While the pipeline only accounted for about 5% of Europe’s gas needs, the ripple effects of the energy crisis sparked by Russia’s invasion of Ukraine are still being felt. Gas prices have surged 50% from the previous year, with recent market jitters amplifying volatility as Europe increasingly relies on global liquefied natural gas (LNG).
For Russia, losing one of its last remaining pipeline routes to Europe means forfeiting an estimated $6 billion in annual revenues. Ukraine, on the other hand, sacrifices transit fees and its long-held strategic position as a gateway for affordable energy to Western allies.
Many Central European countries have secured alternative supplies but at a premium. Slovakia’s largest gas supplier, Slovensky Plynarensky Priemysel, expects an additional €90 million annual cost for maintaining stable imports via other routes. The company warned that a colder-than-usual winter could leave all of Europe more exposed.
While an immediate shortage isn’t on the cards, refilling gas reserves before the next heating season may be challenging. Current storage levels in Europe are hovering just under 75%, a concerning figure as the region heads into colder months.
With pipeline supplies dwindling, Russian President Vladimir Putin is likely to push for greater LNG exports, a personal ambition he has championed. Despite calls from some EU nations to ban Russian LNG imports, Europe has been buying record volumes. However, Moscow’s LNG ambitions face significant hurdles due to Western sanctions—although President-elect Donald Trump could seek to alter those sanctions to broker peace.
For Europe, the loss of Russian pipeline gas raises the spectre of higher energy bills for households and industries already battered by the worst cost-of-living crisis in decades.

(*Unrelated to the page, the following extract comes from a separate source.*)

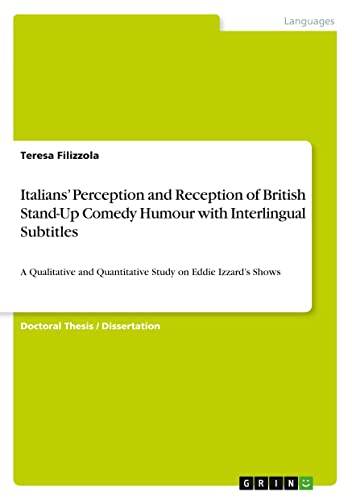 Italians¿ Perception and Reception of British Stand-Up Comedy Humour with Interlingual Subtitles: A Qualitative and Quantitative Study on Eddie Izzard¿s Shows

Few are as vulnerable as Slovakia, whose Prime Minister Robert Fico had campaigned relentlessly to keep the transit route alive. Fico warned that the halt could have “drastic consequences for all of us in the EU” and hinted at retaliatory measures against Ukraine, including potential power cuts.
Meanwhile, Ukrainian President Volodymyr Zelensky has refused to entertain any deal that would funnel money into Russia’s coffers while the war continues. For his part, Putin has claimed that any new agreement for Ukrainian transit would be “difficult to negotiate.”
The EU has pledged to phase out Russian fossil fuels by 2027, with European Commission President Ursula von der Leyen previously downplaying the impact of the transit halt.
“This situation was anticipated, and the EU has been preparing for over a year,” said a Commission spokesperson.
Despite these assurances, alternatives like TurkStream—serving Hungary and Serbia—fall short of replacing the lost Ukrainian route. Other pipelines, such as Nord Stream, have been compromised by sabotage or political delays, leaving Europe’s energy landscape more precarious than ever.
For now, the curtain falls on a pipeline that once symbolised Europe’s dependence on Russian gas—a relationship both parties now seem eager to leave behind, though not without mutual pain.